上田への帰途、鴻巣宿から家臣出浦対馬守に宛てた信之書状で、松代への移封を喜ぶ一方、追伸で「我らはもはや老後に及び、不要なものと思うが、上意であるというので、子孫のためにも命令にしたがい松代へ移ることにする」と心情をのぞかせ、上田の家臣に対して心配することのないようにと案じている。(資料で読み解く真田一族より改編)
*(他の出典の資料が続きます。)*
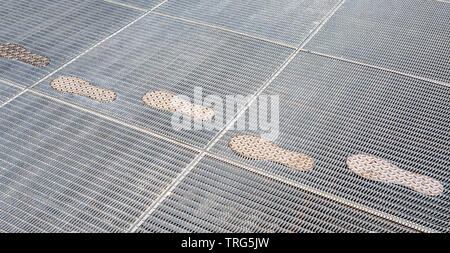 Stylized traces on the metal lattice as background Stock Photo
何代にもわたって守り抜いてきた先祖伝来の地を去るに当たり、信之は多くのものを松代へ移している。
この寺も、天文16年(1547年)に真田幸隆が建立した真田町長の長谷寺を移して菩提寺としたもので、幸隆や昌幸の墓のある長谷寺を末寺としている。


開山堂
 もとは三代真田幸道公のために享保12(1727)年に建てられた御霊屋。明治5年(1872)に同寺が伽藍諸堂を焼失したため、同19年(1886)本堂再建の際、この霊屋を現在の場所に移築して開山堂としたものという。



初代藩主真田信之公御霊屋
 万治3年(1660)に建立された松代藩祖・真田信之の御霊屋(おたまや)。桁行3間、梁間4間の入母屋造り平入り、屋根は柿葺き(こけらぶき)の壮麗な建築で、いたるところに透かし彫りや丸彫りが施され、なかでも正面の唐破風の雌雄の鶴は左甚五郎作と伝えられる。内部の格天井には狩野探幽筆と伝わる天井画、奥に禅宗様仏壇を据え、現在は信之公と小松姫御夫妻の位碑を安置しているとのこと。国指定重要文化財に指定。
左甚五郎作と伝わる雌雄の鶴


四代真田信弘公御霊屋
 真田信之御霊屋の南隣に並ぶ、四代・信弘の御霊屋(おたまや)。建立は元文元年(1736)。方三間の宝形造り、柿葺き、装飾は唐草の透かし彫りだけと簡素な造りで多少傷んできている。現在は歴代藩夫人らの位牌が安置されているとのこと。県宝に指定。

真田家墓所入口

真田家墓所

真田信之公の墓
鳥居があるのは神格化されたものか。

江戸中期(八代将軍吉宗の時代と説明されていたと記憶、石塔裏に建立銘があったが写真に収めなかった)に建立された昌幸、幸隆、信綱の供養碑。
近くに、大正3(1914)年に十一代当主真田幸正によって建立された真田幸村父子の供養碑もある。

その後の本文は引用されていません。